Playtika AI

Multi-horizon Forecasting using Temporal Fusion Transformers – A Comprehensive Overview – Part 1

By Dvir Ben Or and Michael Kolomenkin

Time-series forecasting is a problem of major interest in many business domains, such as finance, weather, and others. This problem is challenging for several reasons. First, forecasting often requires the consideration of a wide set of diverse variables of different nature. Combining all these variables, which can span multiple input sources, is a complex task. Second, it is often desired to predict the target signal for several future points in time. For instance, in weather forecasting, it is preferable that the weather be estimated for several days ahead, each and every day.

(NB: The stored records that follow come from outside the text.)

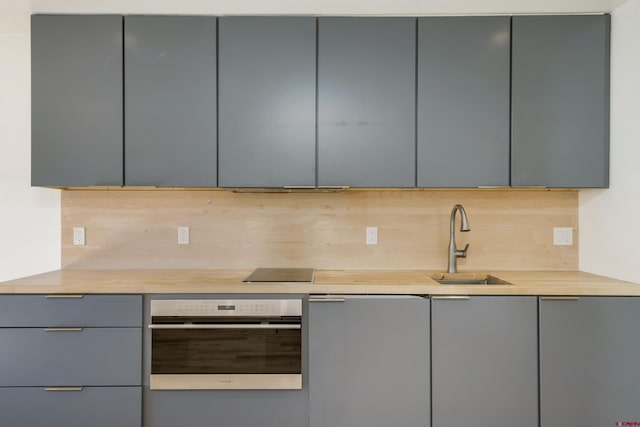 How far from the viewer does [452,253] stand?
2227mm

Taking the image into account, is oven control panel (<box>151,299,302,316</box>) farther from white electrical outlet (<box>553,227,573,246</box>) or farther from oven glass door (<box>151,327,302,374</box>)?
white electrical outlet (<box>553,227,573,246</box>)

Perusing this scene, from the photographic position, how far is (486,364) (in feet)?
5.88

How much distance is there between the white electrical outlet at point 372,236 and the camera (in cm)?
236

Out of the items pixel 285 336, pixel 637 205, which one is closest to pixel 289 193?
pixel 285 336

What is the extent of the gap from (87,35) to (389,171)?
1823 millimetres

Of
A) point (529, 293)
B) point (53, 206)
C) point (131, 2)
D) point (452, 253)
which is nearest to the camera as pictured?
point (529, 293)

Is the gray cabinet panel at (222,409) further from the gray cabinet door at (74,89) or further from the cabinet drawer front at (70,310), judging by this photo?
the gray cabinet door at (74,89)

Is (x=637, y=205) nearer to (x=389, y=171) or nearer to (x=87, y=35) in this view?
(x=389, y=171)

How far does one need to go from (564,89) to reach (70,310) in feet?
9.23

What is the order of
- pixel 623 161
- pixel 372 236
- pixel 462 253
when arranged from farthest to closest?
pixel 372 236, pixel 462 253, pixel 623 161

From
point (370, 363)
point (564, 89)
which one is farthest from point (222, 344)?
point (564, 89)

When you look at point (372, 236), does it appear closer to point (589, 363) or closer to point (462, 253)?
point (462, 253)

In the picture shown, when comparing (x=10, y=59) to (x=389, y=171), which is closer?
(x=389, y=171)

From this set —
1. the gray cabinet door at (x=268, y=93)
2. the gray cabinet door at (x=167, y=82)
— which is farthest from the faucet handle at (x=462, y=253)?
the gray cabinet door at (x=167, y=82) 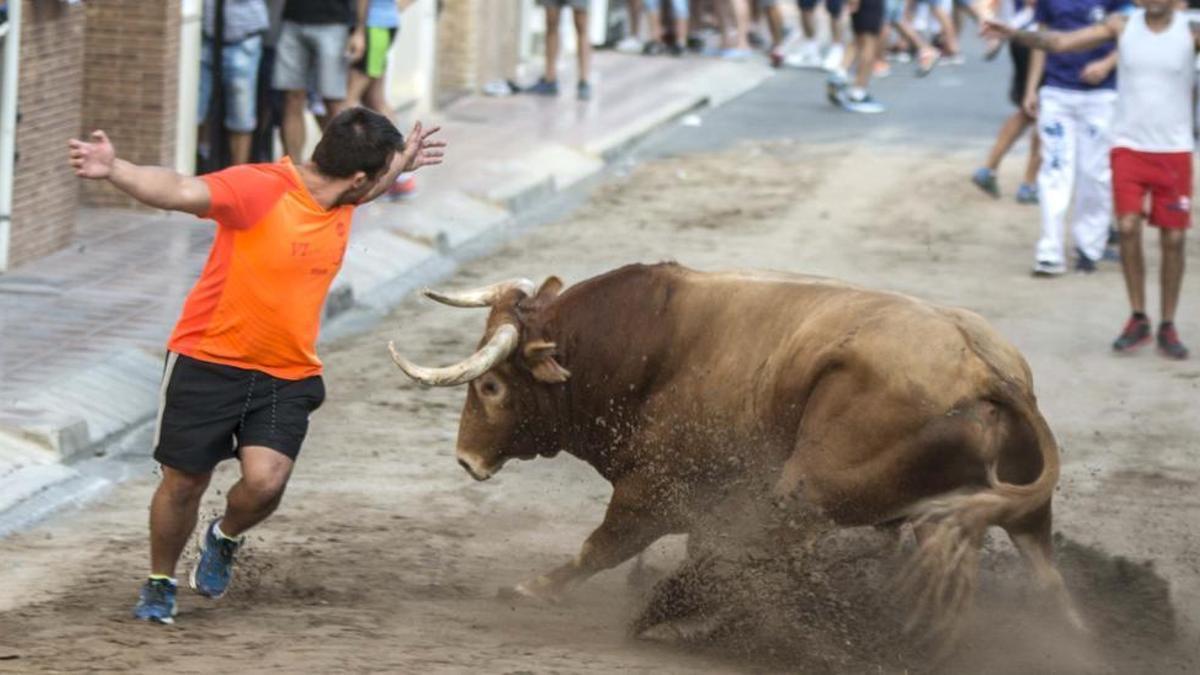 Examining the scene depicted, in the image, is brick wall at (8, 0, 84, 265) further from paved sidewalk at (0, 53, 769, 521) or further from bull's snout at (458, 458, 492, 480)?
bull's snout at (458, 458, 492, 480)

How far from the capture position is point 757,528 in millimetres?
6594

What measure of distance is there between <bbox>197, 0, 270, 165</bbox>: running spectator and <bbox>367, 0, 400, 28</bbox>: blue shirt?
783 millimetres

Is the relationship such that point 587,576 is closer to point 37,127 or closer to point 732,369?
point 732,369

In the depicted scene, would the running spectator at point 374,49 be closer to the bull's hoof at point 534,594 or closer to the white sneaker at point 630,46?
the bull's hoof at point 534,594

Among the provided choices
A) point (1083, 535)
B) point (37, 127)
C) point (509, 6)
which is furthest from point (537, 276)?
point (509, 6)

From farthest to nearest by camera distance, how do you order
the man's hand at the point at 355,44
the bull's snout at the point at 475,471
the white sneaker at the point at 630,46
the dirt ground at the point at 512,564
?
the white sneaker at the point at 630,46 → the man's hand at the point at 355,44 → the bull's snout at the point at 475,471 → the dirt ground at the point at 512,564

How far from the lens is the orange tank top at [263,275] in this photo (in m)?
6.34

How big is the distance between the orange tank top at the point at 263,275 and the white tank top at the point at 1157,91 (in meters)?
5.84

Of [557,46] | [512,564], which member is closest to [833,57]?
[557,46]

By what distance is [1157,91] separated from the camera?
443 inches

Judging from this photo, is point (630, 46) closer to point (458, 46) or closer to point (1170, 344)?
point (458, 46)

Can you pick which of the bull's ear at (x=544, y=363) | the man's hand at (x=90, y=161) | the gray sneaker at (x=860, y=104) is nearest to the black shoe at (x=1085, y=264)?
the bull's ear at (x=544, y=363)

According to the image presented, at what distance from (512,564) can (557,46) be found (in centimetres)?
1407

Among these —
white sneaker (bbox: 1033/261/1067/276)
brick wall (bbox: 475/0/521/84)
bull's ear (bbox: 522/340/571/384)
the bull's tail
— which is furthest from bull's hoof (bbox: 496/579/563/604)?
brick wall (bbox: 475/0/521/84) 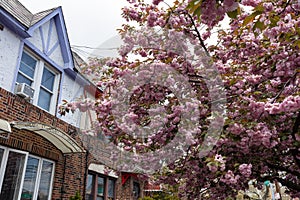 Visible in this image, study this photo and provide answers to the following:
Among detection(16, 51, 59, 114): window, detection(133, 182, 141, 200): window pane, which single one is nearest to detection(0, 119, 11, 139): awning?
detection(16, 51, 59, 114): window

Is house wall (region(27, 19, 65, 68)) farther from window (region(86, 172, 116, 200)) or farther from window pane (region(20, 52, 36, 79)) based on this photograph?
window (region(86, 172, 116, 200))

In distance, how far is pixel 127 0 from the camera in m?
4.68

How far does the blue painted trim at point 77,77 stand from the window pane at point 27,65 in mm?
1281

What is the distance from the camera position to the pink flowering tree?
3.43 metres

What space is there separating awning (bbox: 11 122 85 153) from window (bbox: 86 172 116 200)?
2192 mm

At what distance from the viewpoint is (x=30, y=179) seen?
596 cm

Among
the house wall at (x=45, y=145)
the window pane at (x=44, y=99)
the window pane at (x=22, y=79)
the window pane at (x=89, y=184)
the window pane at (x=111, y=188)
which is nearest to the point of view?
the house wall at (x=45, y=145)

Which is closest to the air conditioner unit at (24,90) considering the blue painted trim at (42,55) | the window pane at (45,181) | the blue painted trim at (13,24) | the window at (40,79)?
the window at (40,79)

Third, the predictive outcome of the forecasting model needs to be interpretable by a human. Interpretability is critical for decision-making.

A paper by Bryan Lim, Sercan O. Arik, Nicolas Loeff, and Tomas Pfister (from Oxford University and Google Cloud), named “Temporal Fusion Transformers for Interpretable Multi-horizon Time Series Forecasting”1, suggests a detailed solution for such problems. We re-implemented the original TensorFlow implementation in PyTorch and added examples.

In the next two blogposts we will provide a step-by-step overview of the solution suggested in the said paper, as well as the new approach they present, accompanied by code demonstrations. We hope these will help clarify the core ideas presented by the authors.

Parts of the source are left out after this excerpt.